REPUBLIKA.CO.ID, JAKARTA -- Kementerian Lingkungan Hidup dan Kehutanan (KLHK) menunda pemberian izin pembukaan lahan sawit (moratorium) terhadap 948.418,79 hektare lahan. Pemerintah mendorong peningkatan produktivitas dan tata kelola sawit berdasarkan standar Indonesian Sustainable Palm Oil System (ISPO).

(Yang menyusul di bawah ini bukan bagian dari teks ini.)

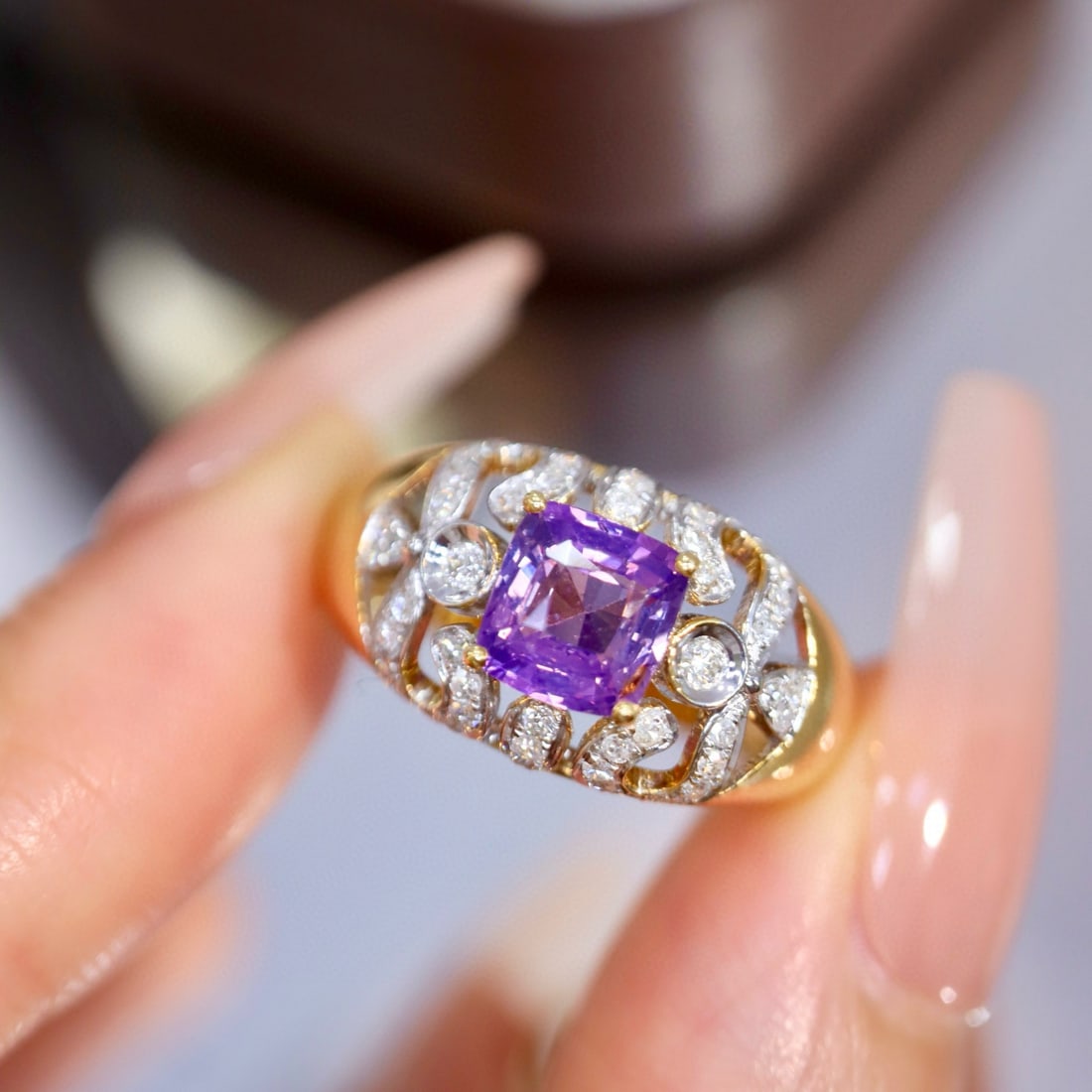 14k Gold 1.59 Ctw Natural Sapphire & Diamond Ring - 5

"Produktivitas komoditas kebun sawit nasional baik yang berasal dari kebun milik perusahaan swasta maupun kebun rakyat masih jauh lebih rendah dari yang seharusnya," kata Direktur Jenderal Planologi Kehutanan dan Tata Lingkungan (Dirjen PKTL) San Afri Awang, Rabu (20/7).
Dengan melakukan upaya peningkatan produktivitas, kata dia, kebun milik swasta yang saat ini baru mencapai tiga ton per hektare dan kebun rakyat yang berada pada kisaran dua ton per hektare harus dapat ditingkatkan produktivitasnya menjadi enam sampai tujuh ton per hektare.

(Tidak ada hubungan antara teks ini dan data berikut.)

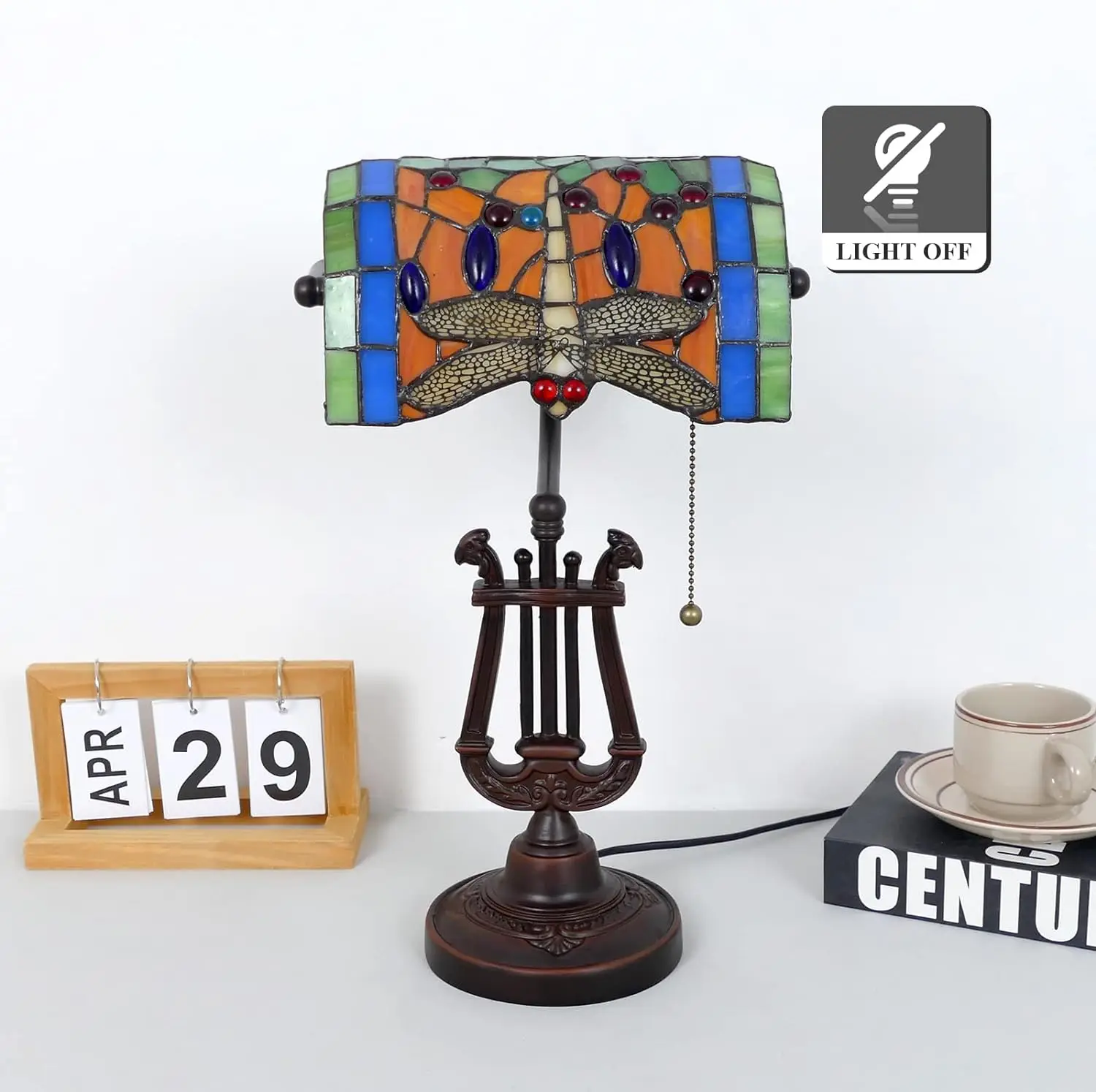 Dragonfly Bankers Antique Stained Glass Banker Table Lamp with Pull Chain, Vintage Desk Lamp for Home Office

Luasan lahan 948.418,79 hektare merupakan potensi luas lahan minimal yang dapat dijadikan obyek moratorium sawit. Potensi luasan minimal tersebut diperoleh dari data jumlah luasan yang sedang diusulkan oleh perusahaan untuk izin pelepasan kawasan hutan menjadi perkebunan kelapa sawit.
KLHK telah menetapkan kriteria untuk menilai lahan-lahan yang akan dimoratorium sebagai perkebunan kelapa sawit. San Afri menguraikan, kriteria tersebut di antaranya berdasarkan hasil evaluasi terhadap pelepasan dan tukar menukar kawasan hutan untuk tujuan perkebunan kelapa sawit yang belum dikerjakan atau dibangun.
Pertimbangan selanjutnya yakni lahan yang terindikasi tidak sesuai dengan tujuan pelepasan dan tukar menukar. "Kita juga memoratorium izin perkebunan kelapa sawit yang sudah existing, namun terindikasi dipindah-tangankan pada pihak lain," tuturnya.
Kriteria selanjutnya yakni terjadi izin perkebunan kelapa sawit yang sudah existing, namun tutupan hutannya masih produktif serta izin perkebunan kelapa sawit yang berada di dalam kawasan hutan. Meski begitu, penundaan izin dan evaluasi tersebut perlu diatur melalui Instruksi Presiden, mengingat perkebunan kelapa sawit khususnya yang bersumber dari kawasan hutan kewenangannya diatur secara konkuren (kewenangan bersama) antar instansi baik Pusat maupun Daerah.